By N.C. Bipindra, Yangon, June 22 : India Wednesday wrapped up its first high-level engagement with Myanmar's new civilian government after signing a slew of bilateral agreements focusing on capacity building, even as a top official met the country's democracy icon Aung San Suu Kyi.

Indian External Affairs Minister S.M. Krishna, who was in Myanmar on a three-day visit from Monday, met top figures in the three-month-old civilian government to explore possibilities of exhanced business and security ties between the two countries.

China, which has well-entrenched economic and bilateral ties with Myanmar, had taken the lead in engaging the civilian government when President Thein Sein went to Beijing on his first state visit in May.

Utlising well the opportunity provided by Krishna's visit, India signed agreements to build an 80-km road between Mizoram and Chin states for $60-million, set up a vocational skills centre for Myanmar's youth, provide $10 million aid for buying agricultural implements and to set up a research centre in the sector, apart from a promise to deploy the Archaeological Survey of India to renovate a 12th century Hindu temple in Bagan division of Mandalay.

Foreign Secretary Nirupama Rao, who accompanied Krishna, took time off the busy bilateral meetings with the political leaders to meet Aung San Suu Kyi, a Nobel laureate and leader of the new disbanded National League for Democracy, when they discussed India's aid to Myanmar's development.

Suu Kyi had been freed from 18-month house arrest by the erstwhile military junta soon after the first general elections in 20 years.
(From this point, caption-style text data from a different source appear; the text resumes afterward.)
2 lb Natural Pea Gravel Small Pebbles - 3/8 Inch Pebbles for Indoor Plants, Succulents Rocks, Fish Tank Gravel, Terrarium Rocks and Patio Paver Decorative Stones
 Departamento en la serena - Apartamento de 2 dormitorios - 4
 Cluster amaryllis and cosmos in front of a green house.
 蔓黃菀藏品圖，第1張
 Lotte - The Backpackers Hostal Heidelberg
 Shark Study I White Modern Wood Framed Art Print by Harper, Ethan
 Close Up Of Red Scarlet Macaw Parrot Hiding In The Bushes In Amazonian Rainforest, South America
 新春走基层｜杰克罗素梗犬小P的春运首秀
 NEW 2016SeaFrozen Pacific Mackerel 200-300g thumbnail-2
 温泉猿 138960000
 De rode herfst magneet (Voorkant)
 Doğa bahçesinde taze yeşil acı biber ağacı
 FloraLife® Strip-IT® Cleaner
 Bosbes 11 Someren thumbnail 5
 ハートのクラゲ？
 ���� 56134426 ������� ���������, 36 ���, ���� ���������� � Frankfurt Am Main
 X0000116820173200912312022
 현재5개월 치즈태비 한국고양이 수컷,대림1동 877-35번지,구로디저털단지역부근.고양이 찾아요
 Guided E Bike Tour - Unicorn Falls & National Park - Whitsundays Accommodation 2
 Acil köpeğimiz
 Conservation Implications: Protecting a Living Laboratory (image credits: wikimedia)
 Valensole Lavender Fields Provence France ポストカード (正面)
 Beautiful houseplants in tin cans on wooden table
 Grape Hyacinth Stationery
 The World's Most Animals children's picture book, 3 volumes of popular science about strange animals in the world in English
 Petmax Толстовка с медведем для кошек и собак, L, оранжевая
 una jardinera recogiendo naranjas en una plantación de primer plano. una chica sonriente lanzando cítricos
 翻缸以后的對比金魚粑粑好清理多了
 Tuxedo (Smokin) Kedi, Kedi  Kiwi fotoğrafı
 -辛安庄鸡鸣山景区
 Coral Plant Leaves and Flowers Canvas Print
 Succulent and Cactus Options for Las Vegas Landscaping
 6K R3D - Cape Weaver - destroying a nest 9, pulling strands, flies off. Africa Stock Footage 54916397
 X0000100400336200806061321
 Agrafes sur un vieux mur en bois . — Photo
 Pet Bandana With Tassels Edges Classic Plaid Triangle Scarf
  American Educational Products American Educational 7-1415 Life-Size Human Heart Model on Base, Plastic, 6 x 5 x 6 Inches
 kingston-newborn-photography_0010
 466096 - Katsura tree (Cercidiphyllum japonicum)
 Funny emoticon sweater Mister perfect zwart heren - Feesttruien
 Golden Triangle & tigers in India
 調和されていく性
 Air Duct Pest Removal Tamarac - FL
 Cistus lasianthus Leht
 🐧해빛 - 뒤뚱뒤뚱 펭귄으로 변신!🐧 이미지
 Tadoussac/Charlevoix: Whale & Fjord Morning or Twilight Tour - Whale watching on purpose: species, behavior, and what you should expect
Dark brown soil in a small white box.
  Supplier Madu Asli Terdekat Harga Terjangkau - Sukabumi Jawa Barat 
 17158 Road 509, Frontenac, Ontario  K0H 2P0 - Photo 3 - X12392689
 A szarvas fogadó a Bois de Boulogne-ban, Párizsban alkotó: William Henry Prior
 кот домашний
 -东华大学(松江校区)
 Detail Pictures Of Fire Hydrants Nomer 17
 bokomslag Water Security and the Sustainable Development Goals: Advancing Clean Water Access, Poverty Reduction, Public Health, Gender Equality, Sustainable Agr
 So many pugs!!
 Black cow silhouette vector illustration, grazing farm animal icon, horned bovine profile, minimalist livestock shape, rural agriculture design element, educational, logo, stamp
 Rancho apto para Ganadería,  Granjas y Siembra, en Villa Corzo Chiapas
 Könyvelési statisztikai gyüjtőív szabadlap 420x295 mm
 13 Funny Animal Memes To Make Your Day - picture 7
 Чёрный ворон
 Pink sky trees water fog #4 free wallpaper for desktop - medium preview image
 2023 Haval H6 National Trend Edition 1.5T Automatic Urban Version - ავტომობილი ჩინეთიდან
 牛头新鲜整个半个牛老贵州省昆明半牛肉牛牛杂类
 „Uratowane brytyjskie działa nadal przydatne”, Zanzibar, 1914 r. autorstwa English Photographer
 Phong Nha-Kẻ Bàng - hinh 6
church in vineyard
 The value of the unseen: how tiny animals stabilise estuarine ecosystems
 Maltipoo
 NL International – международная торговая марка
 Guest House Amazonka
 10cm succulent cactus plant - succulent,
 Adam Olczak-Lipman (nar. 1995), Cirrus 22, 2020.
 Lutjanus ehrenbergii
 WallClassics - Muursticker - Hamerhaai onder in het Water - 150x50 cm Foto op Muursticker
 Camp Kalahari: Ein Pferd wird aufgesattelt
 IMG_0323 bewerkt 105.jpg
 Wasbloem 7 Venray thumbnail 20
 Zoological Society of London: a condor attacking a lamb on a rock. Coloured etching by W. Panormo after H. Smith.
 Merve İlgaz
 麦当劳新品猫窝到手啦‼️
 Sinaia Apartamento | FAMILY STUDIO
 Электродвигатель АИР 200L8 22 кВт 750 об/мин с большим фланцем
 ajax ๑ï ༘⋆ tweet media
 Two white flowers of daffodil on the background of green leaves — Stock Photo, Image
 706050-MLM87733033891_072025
Krishna, on his part, met his Myanmar counterpart Wunna Maung Lwin for detailed discussions on the bilateral relations in the fields of trade, investments, power, energy and security, apart from calling on President Thein Sein and First Vice President Tin Aung Myint Oo.

During the call on the Myanmar president, Krishna expressed India's appreciation and support for its neighbour's efforts at democracy, apart from extending an invitation to him from Indian President Pratibha Patil to visit New Delhi.

Krishna also met the speakers of the Myanmar parliament's 425-member National Assembly and 234-member People's Assembly, Khin Aung Myint and Shwe Mann, where the two sides agreed to initiate exchanges between the parliamentarians of the two countries.

At his first stop during the tour in Yangon, Krishna had prayed at the popular Buddhist Shwedagon pagoda and paid homage at the tomb of Bahadur Shah Zafar, India's last Mughal emperor exiled to then Burma after 1857 uprising was crushed by the British Raaj.